Rep. Barbara Lee will attend Friday's flag-raising
at U.S. Embassy in Havana.
But while it’s not exactly surprising Lee is part of the delegation following decades of activism over ending the Cold War era economic embargo against Cuba, rumors of her interest in being named ambassador have long been connected to her.
“While this delegation and the opening of an American embassy in Cuba is an important step forward, more work remains to end more than five decades of failed policy between the U.S. and Cuba,” Lee said in a statement Thursday.
Congress must act now to remove the remaining barriers to normalized relations including lifting the travel ban and ending the failed embargo. These Cold War relics must be repealed as we chart a new path forward between our two nations.”
Quite a few scenarios would have to break in Lee’s favor before might even be considered ambassador to Cuba, namely, whether a Democrat succeeds President Obama in the White House next year.
If the time frame were pushed back earlier in Obama’s administration, the odds might be better for Lee’s appointment. Then there is the question of whether Lee, one of the most liberal and high-profile members of Congress, can win Senate confirmation. Lee’s politics is often lampooned by right-leaning web sites and news organization.
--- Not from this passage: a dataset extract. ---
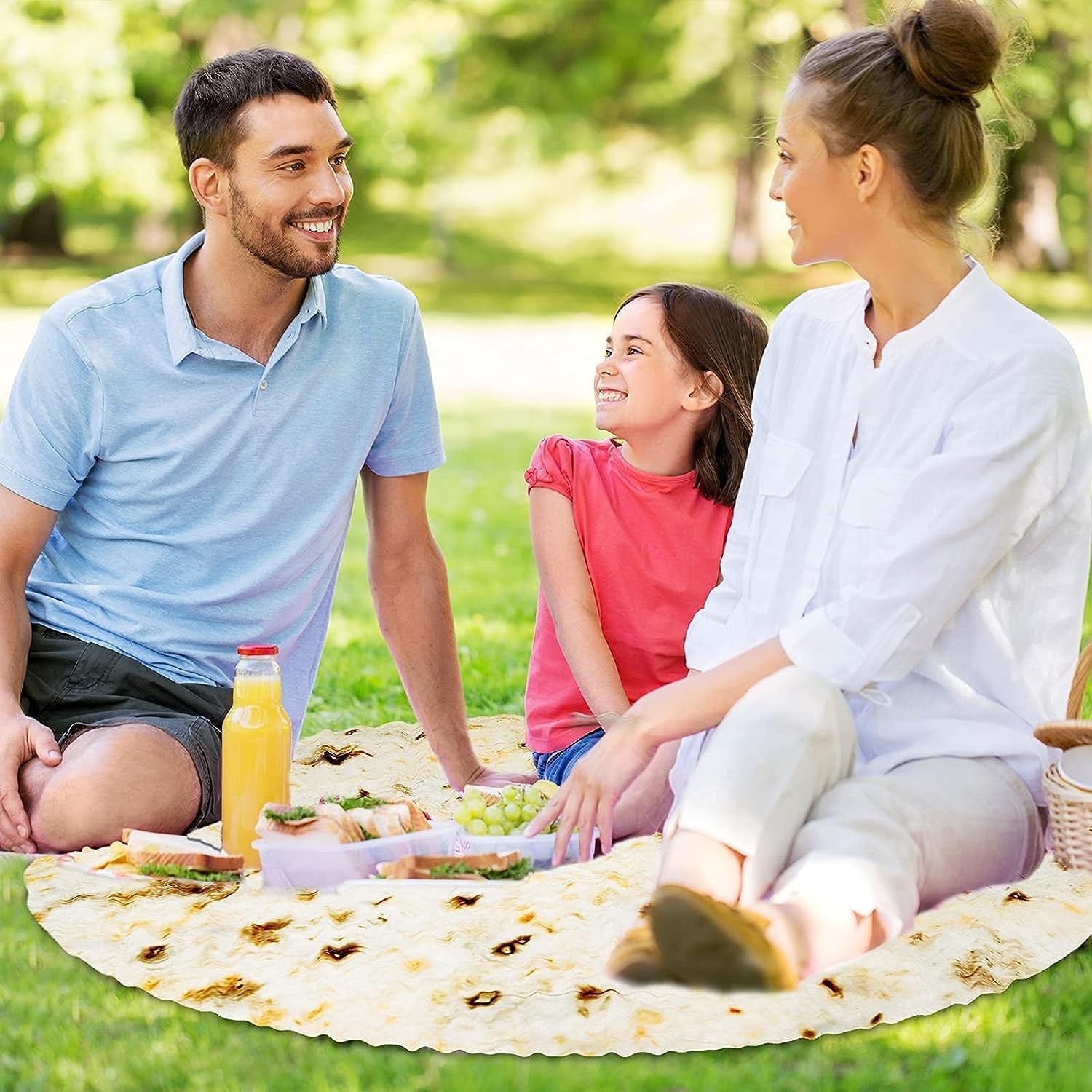 Set patura flanel si caciula Flippy, forma lipie, pentru nou-nascuti, material poliester, 85 cm, crem-1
Nevertheless, the possibility of Lee moving on to greater things would have dramatic ramifications on East Bay politics, likely triggering a similarly massive reshuffling of local offices that followed Lee’s rise in 1998 to replace Ron Dellums.
Four special elections and runoffs ensued over the next year. Don Perata won Lee’s State Senate seat; Audie Bock won Perata’s Assembly seat. Each was hard fought and voter fatigue was palpable.
If Lee were to move on or chose retirement in the middle of her term, a similar Game of Thrones might follow resulting in a congressional election; elections for the Assembly, Board of Supervisors and another election if the bottom feeder of the group is a current public official.